It’s almost 8:00 on a Thursday night. Jacob is going to sleep in his room. Meredith is snuggled in by my elbow for a little evening nap. Mike is working at church as he does every Thursday evening. My mom just left after two weeks here waiting on me hand and foot and being Jacob’s sidekick from morning till night while I couldn’t lift him. The fog and haze and buzz and craze of new life’s arrival is slowly starting to clear for me in the past few hours as I figure out what normal is going to look like. For starters, I’m setting my expectations low. Today’s goal: keep my two kids safe and happy for 4 hours. That much I can do. I am not expecting to be much more impressive than that for the rest of this month but it’s where I want to be.

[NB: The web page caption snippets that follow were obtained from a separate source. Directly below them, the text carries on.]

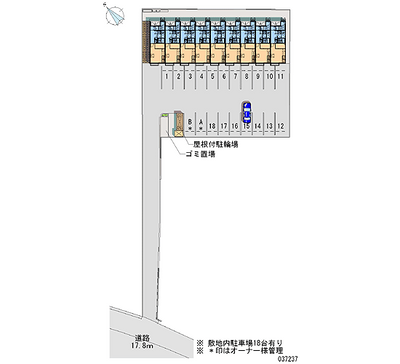 37237月租停车场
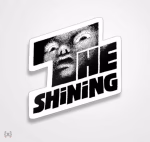 استیکر/ برچسب Shine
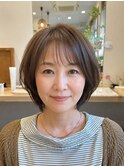 大人まるみボブ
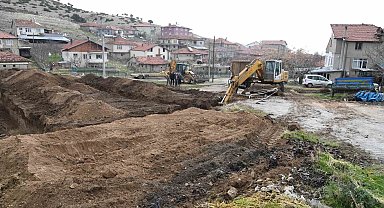 Isparta Belediyesinin desteğiyle Kayı köyüne sosyal tesis inşa ediliyor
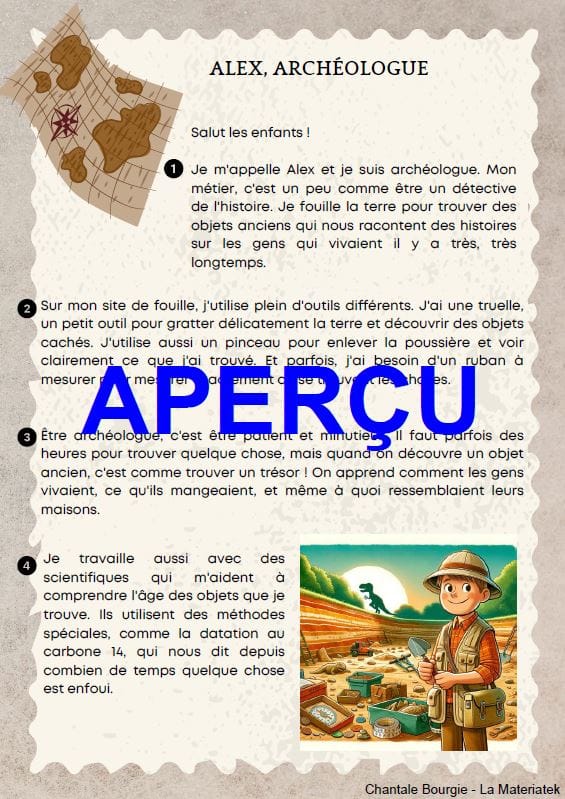 Aperçu de la ressource d'archéologie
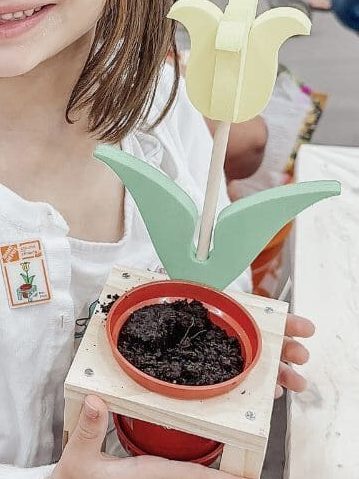 Home Depot Free Kids Workshops For Kids Ages 5-12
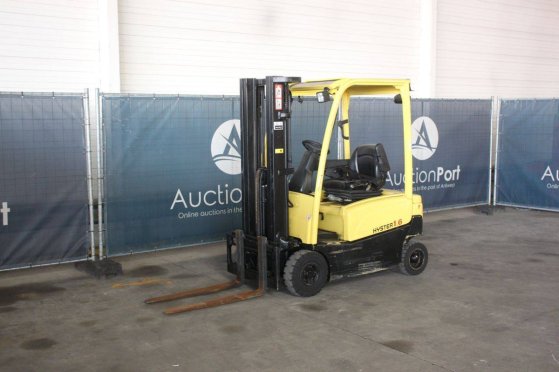 Hyster J1.6 XN Electric Forklift 1360kg 4.6m 2010 J1.6 XN 2010 2 Forklift image 8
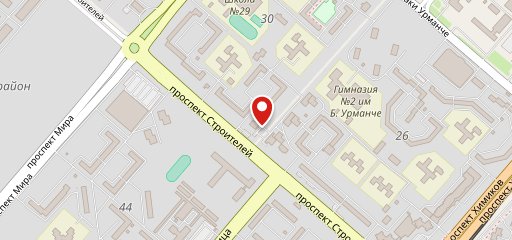 Суши Лайк на карте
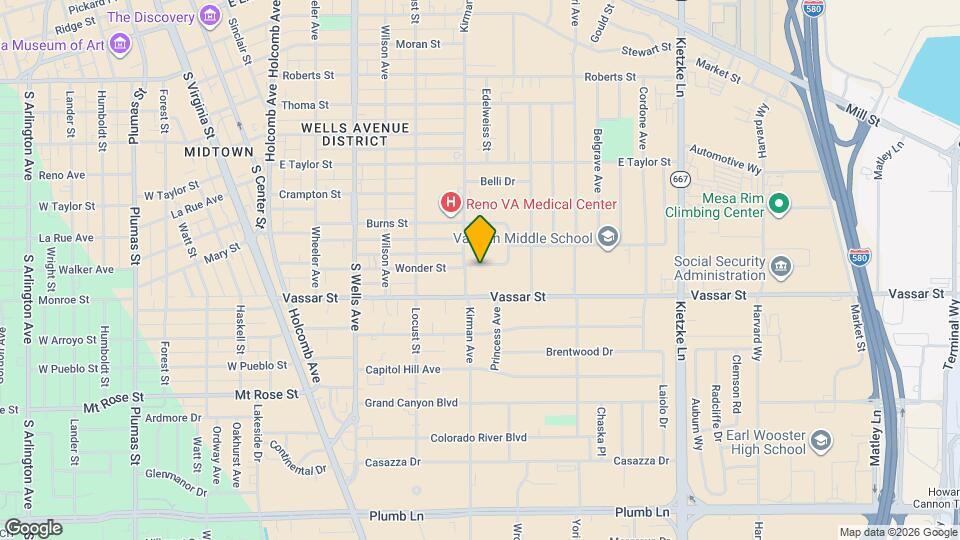 751 Balzar Cir Map and Location Details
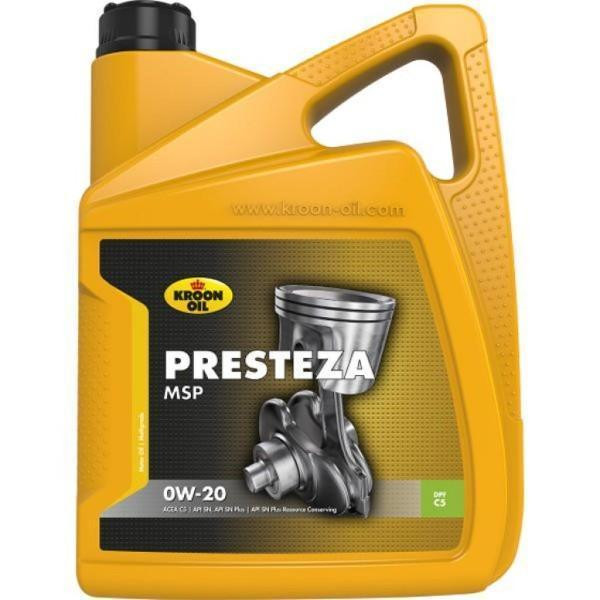 Моторное масло Kroon-Oil Presteza MSP 0W-20 5л (KL 36497) Киев - изображение 1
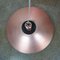 Scandinavian Modern Copper Pendant Lamp attributed to Jeka Denmark, 1970s 2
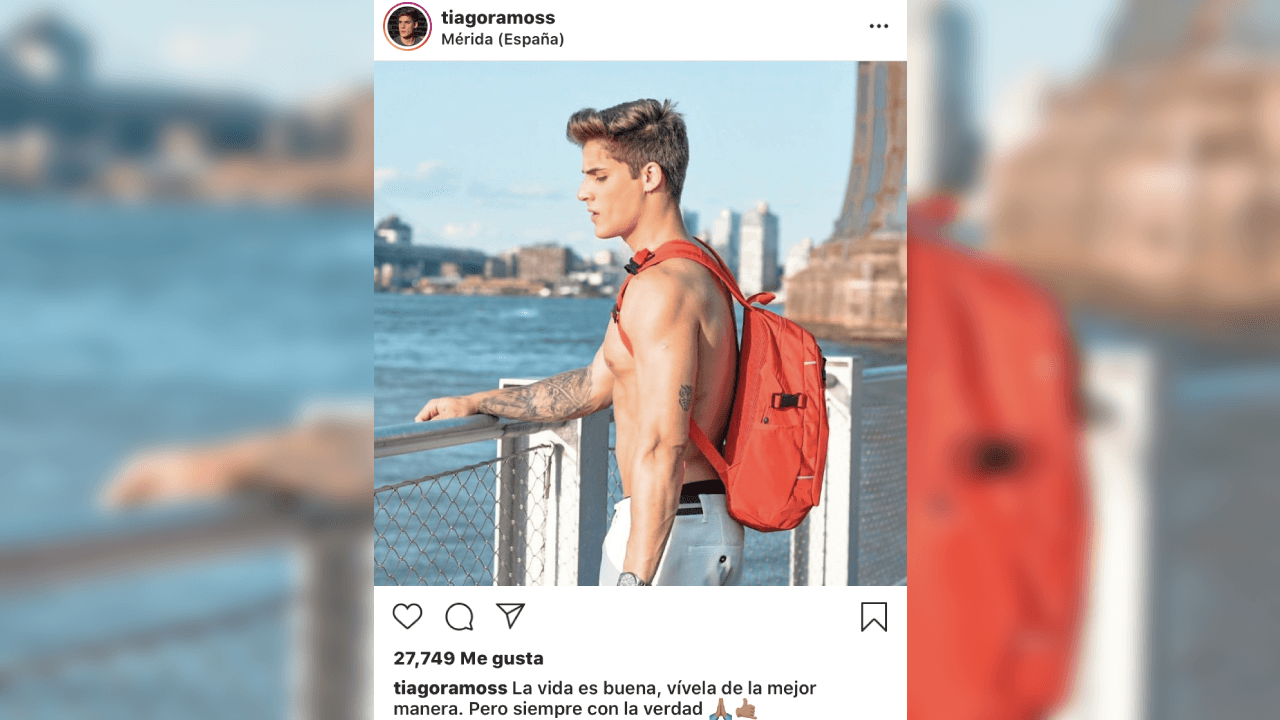 No todo queda ahí, pues la madre del astro brasileño es 31 años mayor, le duplica la edad a su actual pareja, Thiago Ramos.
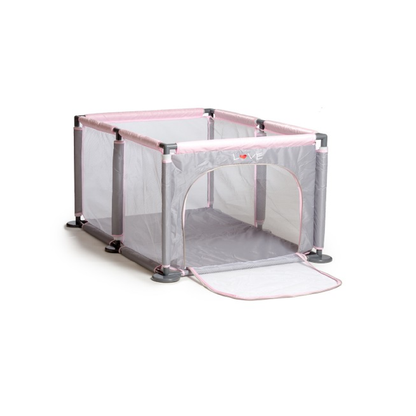 Cuna Corralito Rosa Love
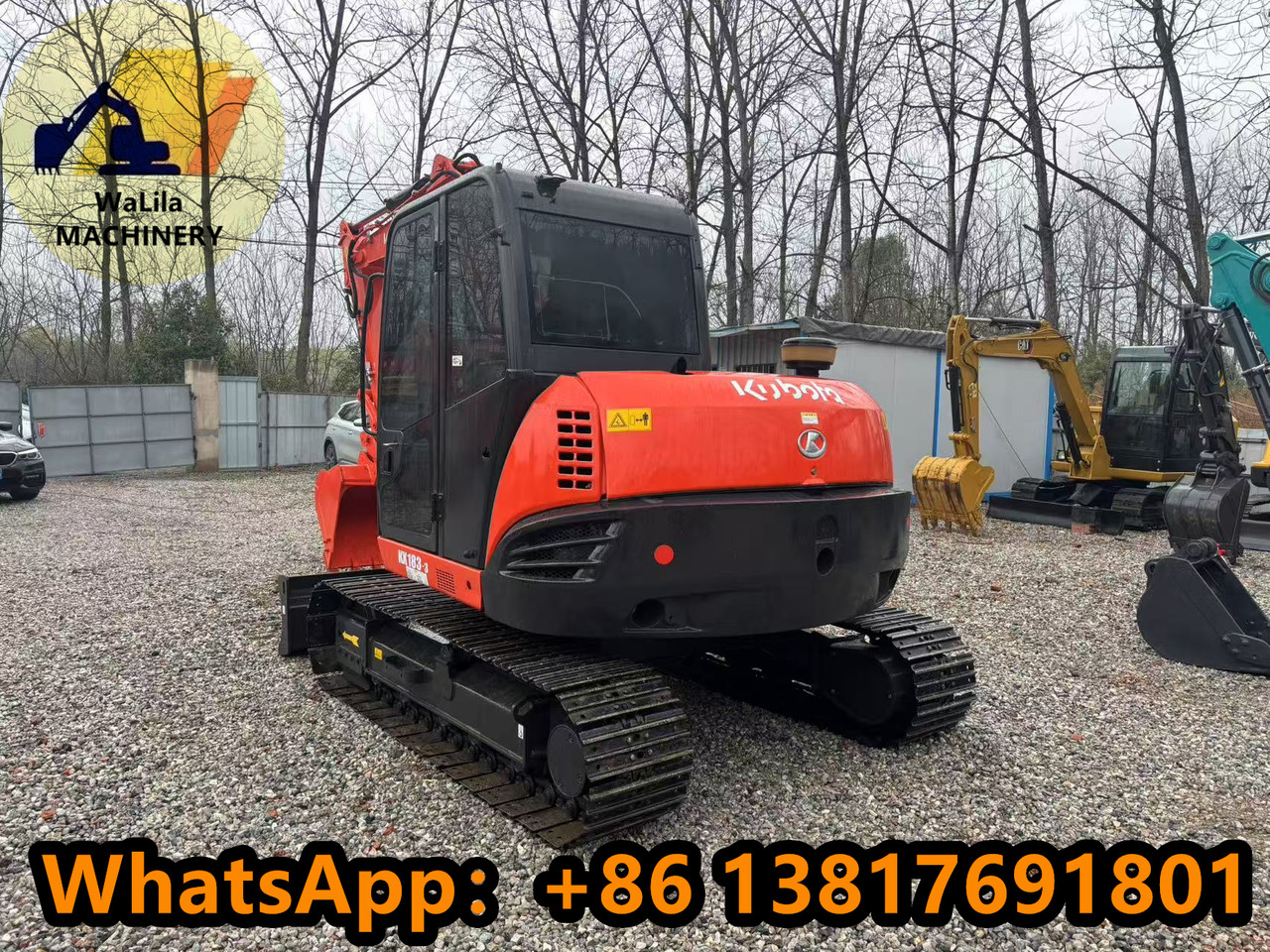 KUBOTA KX183 - Mini bager: slika 4 KUBOTA KX183 - Mini bager: slika 4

The most striking thing so far about having two kids is that I am craving their company. I’ve been genuinely missing Jacob, not just because I’ve been off-duty with him, but because I miss what he and I had going before the dynamics changed forever. Growing pains, and who’s to complain at enlarged blessings? But I am noticing how precious time is and I’m enjoying insanely-tired 3:00 a.m. wakings just because it’s time to spend alone studying my sweet girl. Compared with Jacob’s first weeks I feel like I’ve hardly even noticed this little person. And as for Jacob, he has grown into size 5 diapers while I’ve been distracted for the past three weeks. Not a significant milestone in the scheme of things, but my instinct is strong to hoard time now.
Thanks to Sara Groves for the reality check as I listened to her album for parents while making peanut butter and banana sandwich for Jacob and a bowl of cereal for me. We shared dinner with Meredith sleeping next to us and for the millionth time in the past three weeks I chose to multi-task less than my urge tends to be, settling for only as much multi-tasking as is now perpetually necessary since I want to love on both of these two little people at the same time, all the time. This is why I want to hoard the minutes – because they don’t feel like enough. And then Sara Groves was singing about the urge to hoard our kids, choosing instead to wish her boy a life his own, and she’s nothing more than lucky if she gets a peek or two. It clicked: I am the servant of these two, here to keep them safe and happy until they don’t need me. They are not mine to possess or hoard, just to love while I have the privilege.
Meredith Reneé, my sweet princess and lovely lady, welcome to our home and hearts. There is suddenly even more love all around than there was before.